### Excerpted data:
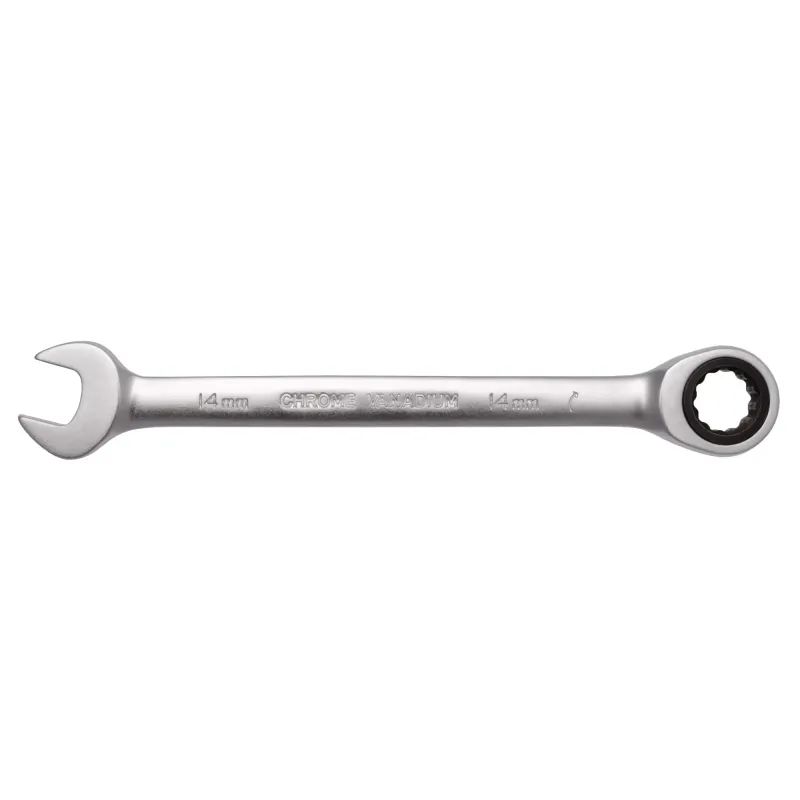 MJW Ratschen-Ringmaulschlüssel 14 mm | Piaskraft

==

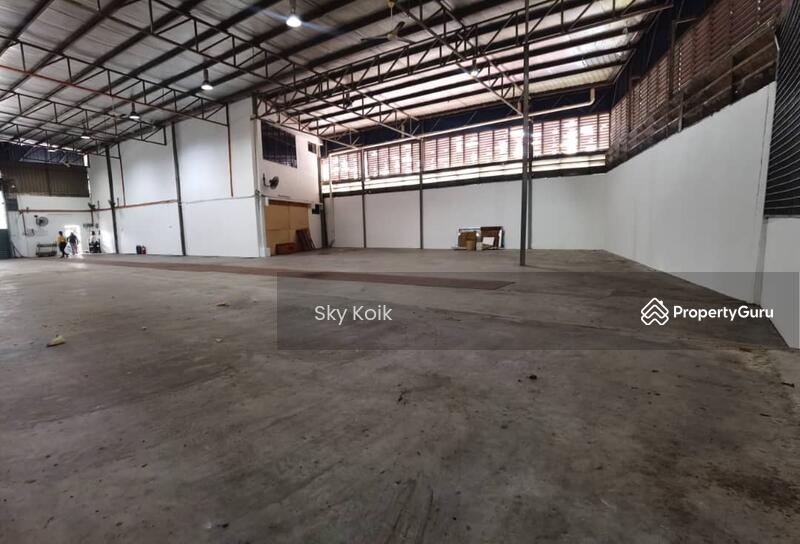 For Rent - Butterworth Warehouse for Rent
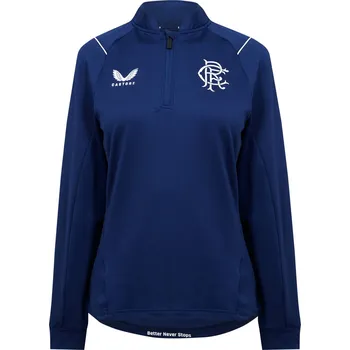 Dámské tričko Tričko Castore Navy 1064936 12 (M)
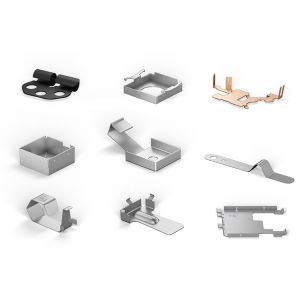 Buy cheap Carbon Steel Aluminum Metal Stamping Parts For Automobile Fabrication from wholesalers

### Task statement:
To complete this exercise, transcribe exactly the lines above from the one that holds "Dámské tričko Tričko" through the one that holds "Buy cheap Carbon". Pictures stay out.

### Response to this task:
 Dámské tričko Tričko Castore Navy 1064936 12 (M)
 Buy cheap Carbon Steel Aluminum Metal Stamping Parts For Automobile Fabrication from wholesalers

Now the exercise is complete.